▶ WHAT IS BEING ASKED
Return the lines of the data below, from the one containing "Tokyo flower market" through the very last, exactly and with both ends included; no pictures.

▶ GIVEN INFORMATION
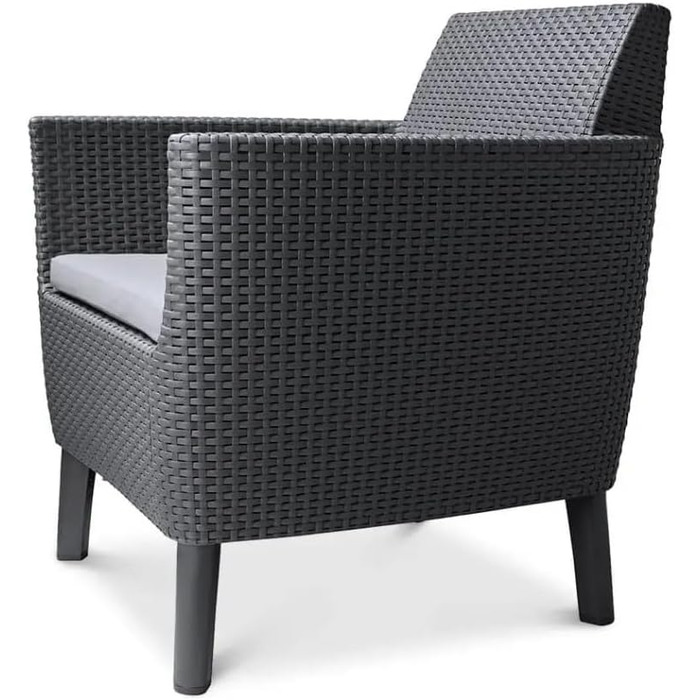 Садовий набір Allibert Salemo WS 2-місний, вуличний комплект меблів графітового кольору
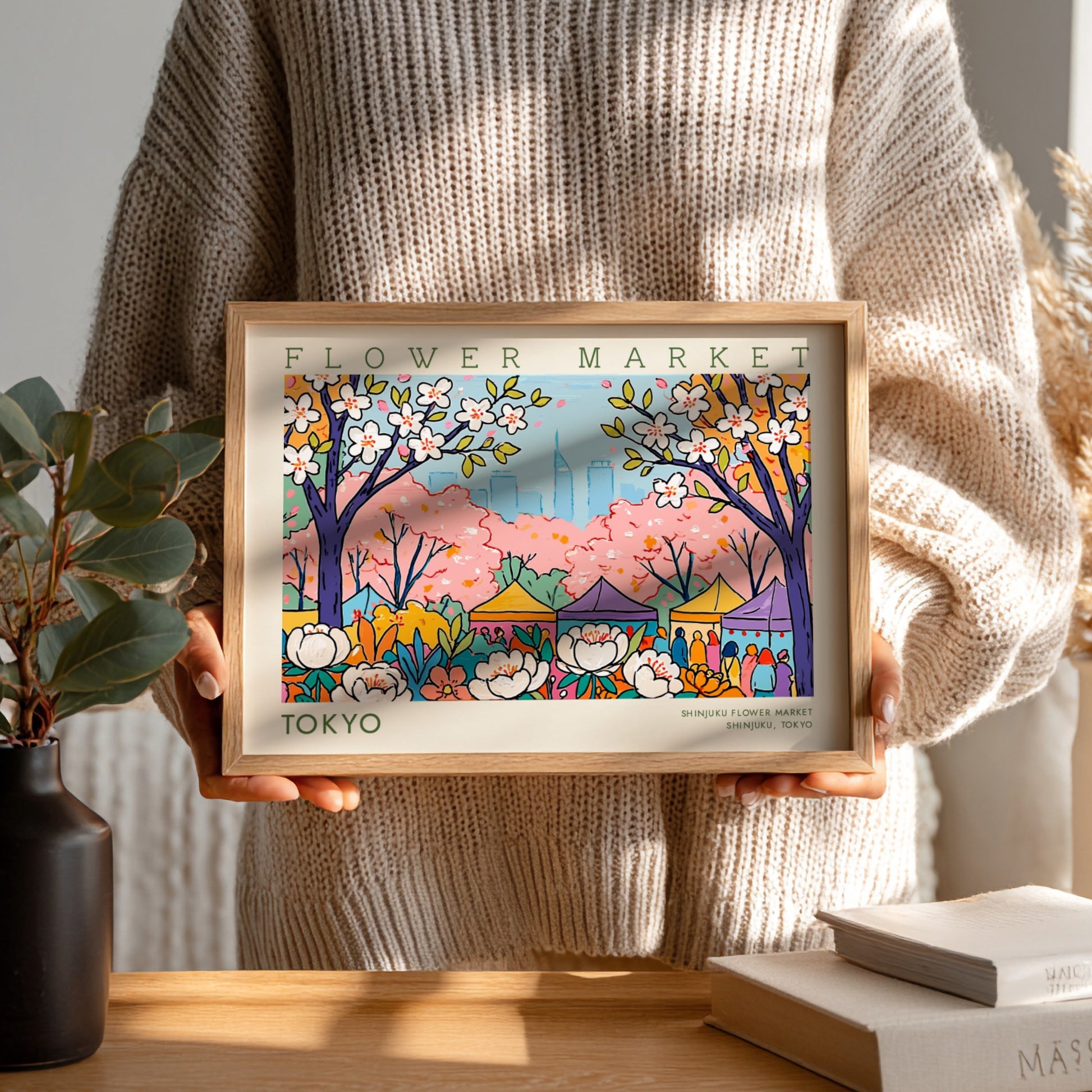 Tokyo flower market poster featuring cherry blossoms and city skyline in vibrant colors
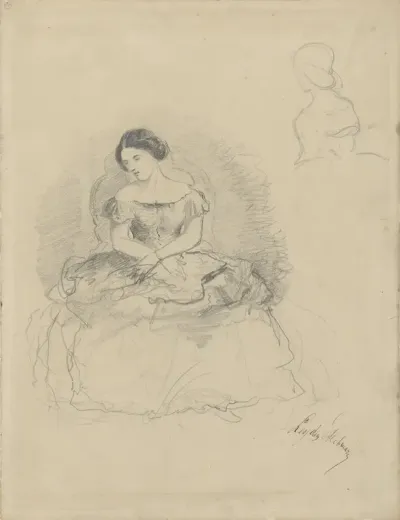 Zittende dame, in avondtoilet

▶ PROBLEM SOLUTION
 Tokyo flower market poster featuring cherry blossoms and city skyline in vibrant colors
 Zittende dame, in avondtoilet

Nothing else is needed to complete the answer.